● Task details
Leaving out all pictures, return exactly the lines from the one that contains "Отель OYO 2369 Cempaka Homestay, фото 13" through the end of the data below.

● The data
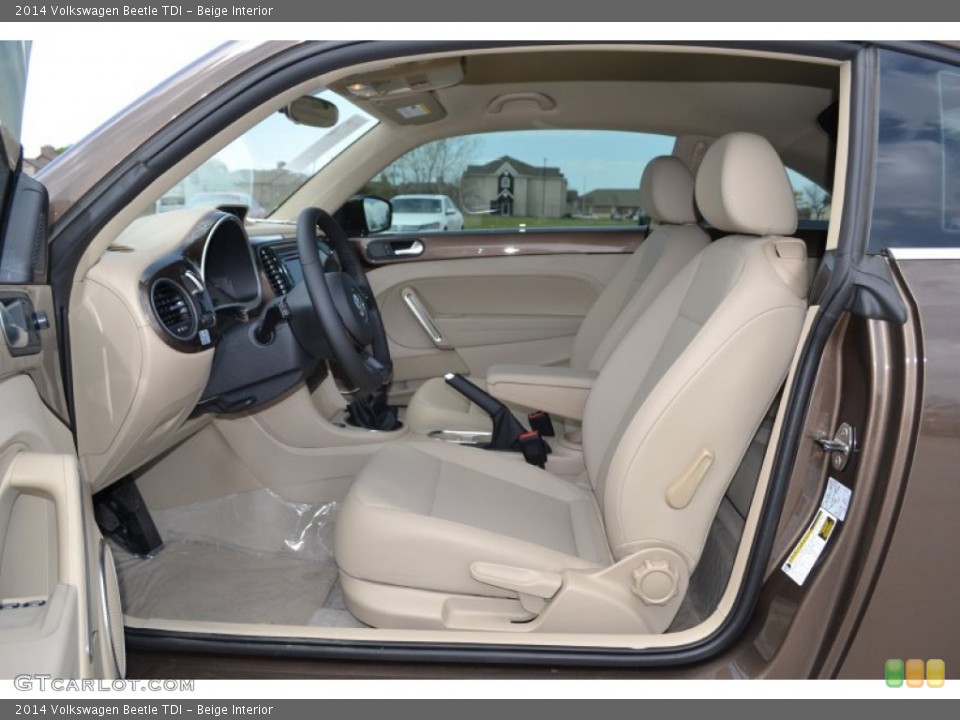 Beige Interior Photo for the 2014 Volkswagen Beetle TDI #92063945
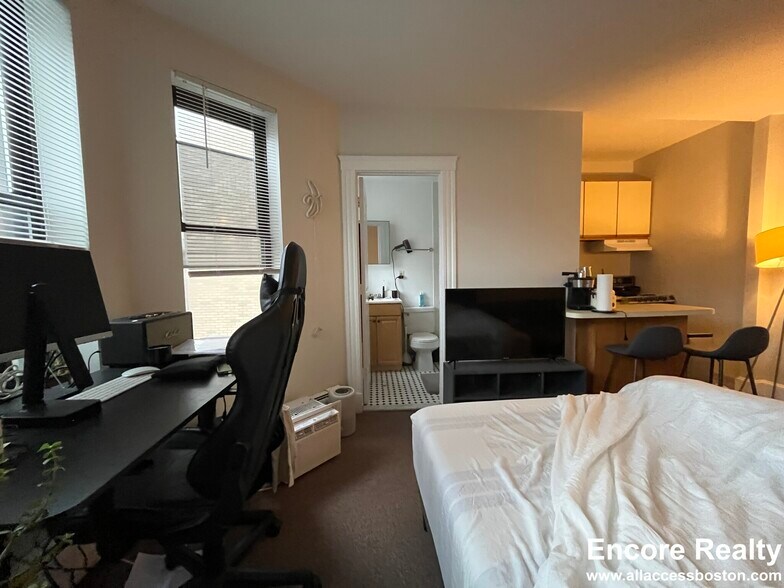 Building Photo - 8 Aberdeen St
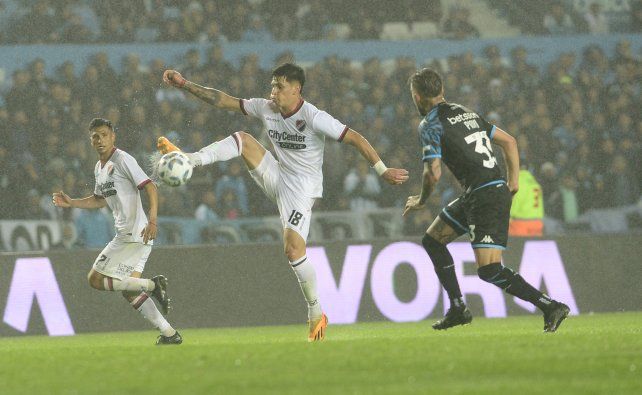 Brian Aguirre jugó el partido entre Newells y Racing en el Cilindro y se retiró con una molestia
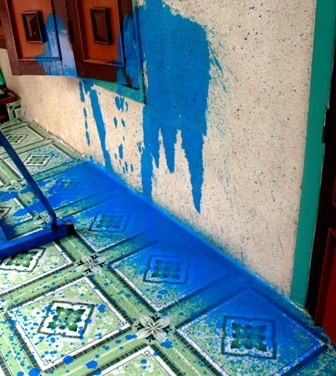 Để ngăn chặn nhưng hành vi “khủng bố” này cơ quan chức năng nên sớm vào cuộc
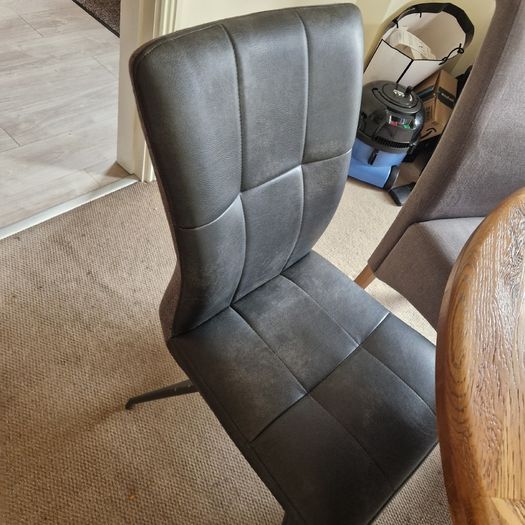 Dining room table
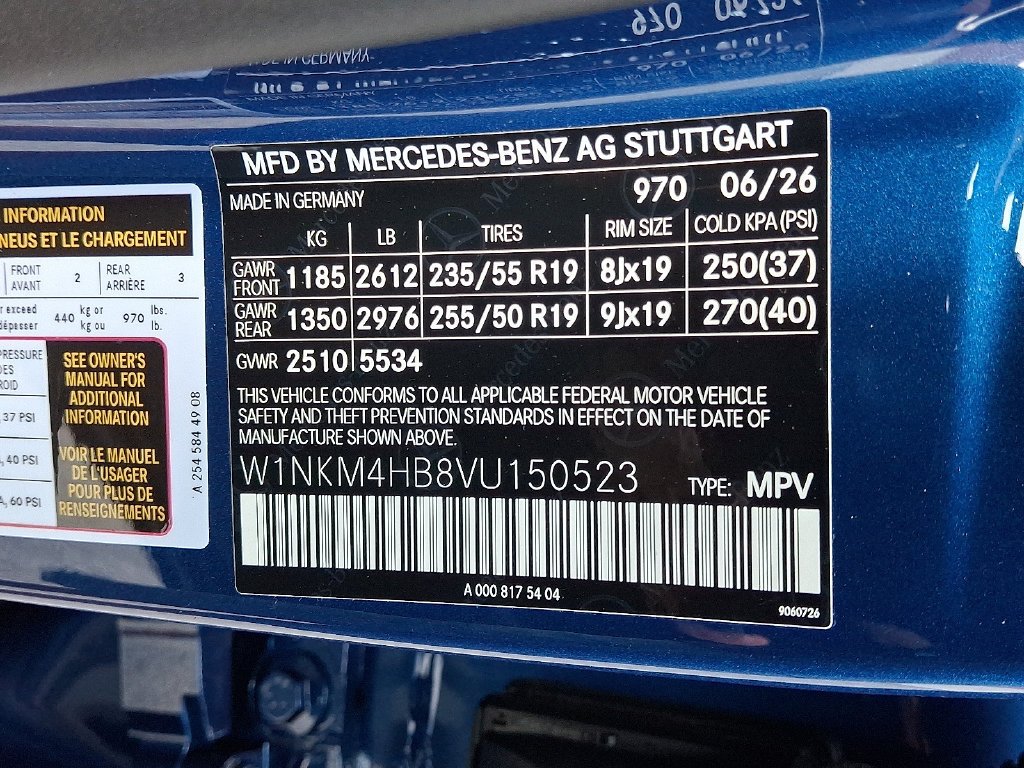New 2027 Starling Blue Metallic Mercedes-Benz GLC 300 image 37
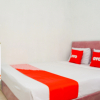 Отель OYO 2369 Cempaka Homestay, фото 13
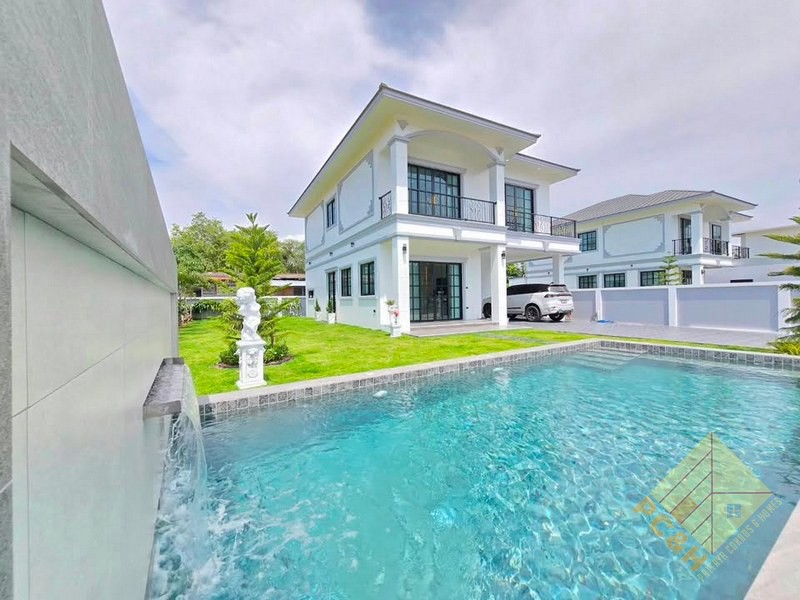 Picture of Private House With Pool - 4 Bedroom House for Sale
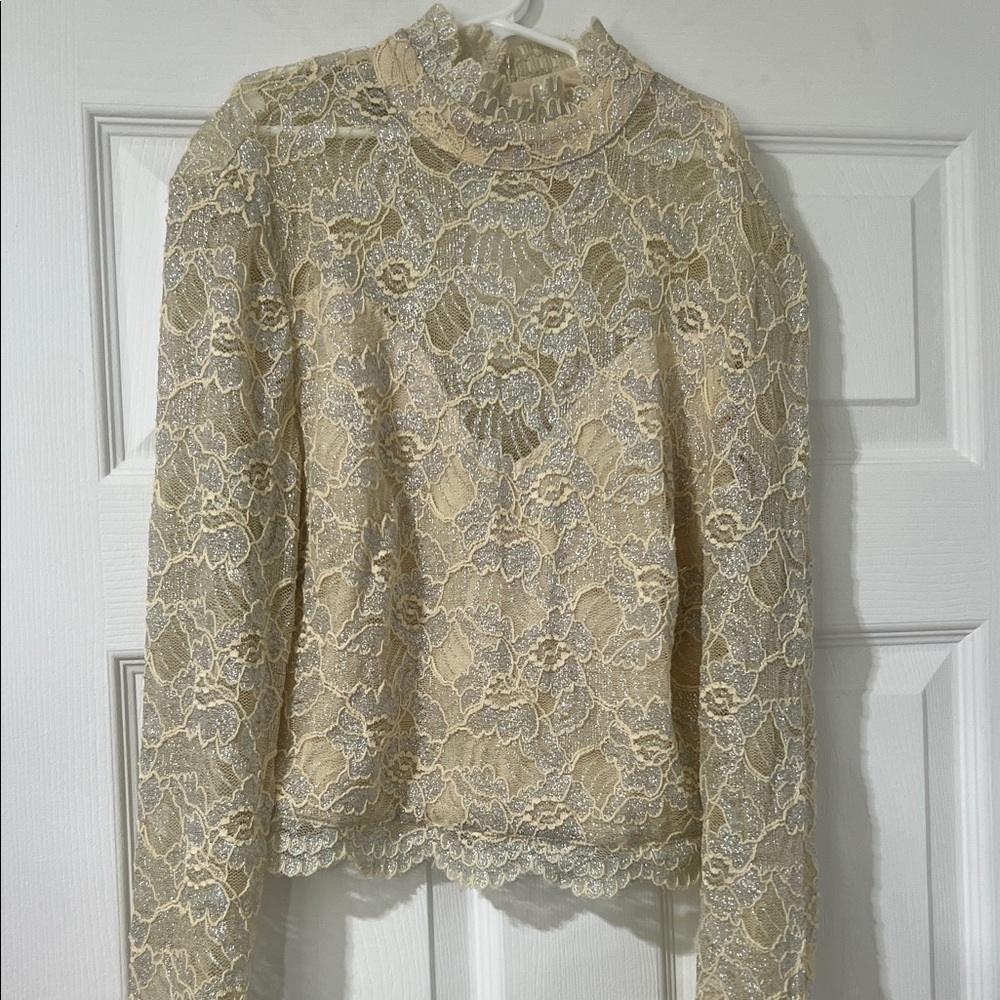 bebe Lace Crop Top in Cream and Gold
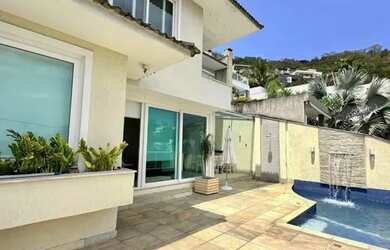 Imagem: A casa em condomínio possui 5 Dormitórios, 5 Banheiros, 3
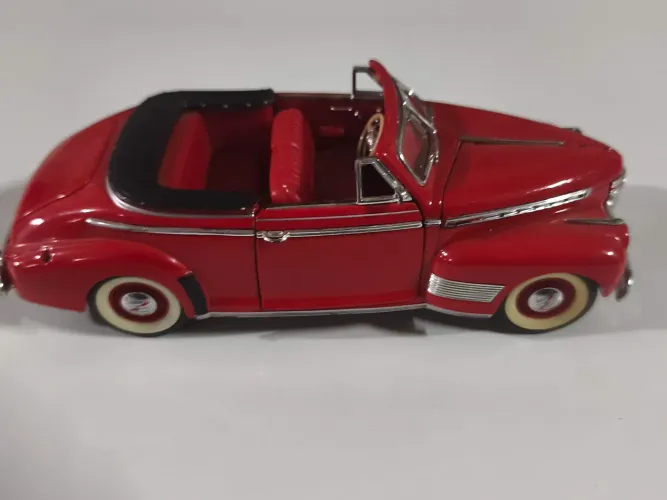 Carro miniatura Chevrolet 1941 escala 1:24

● Answer to this task
 Отель OYO 2369 Cempaka Homestay, фото 13
 Picture of Private House With Pool - 4 Bedroom House for Sale
 bebe Lace Crop Top in Cream and Gold
 Imagem: A casa em condomínio possui 5 Dormitórios, 5 Banheiros, 3
 Carro miniatura Chevrolet 1941 escala 1:24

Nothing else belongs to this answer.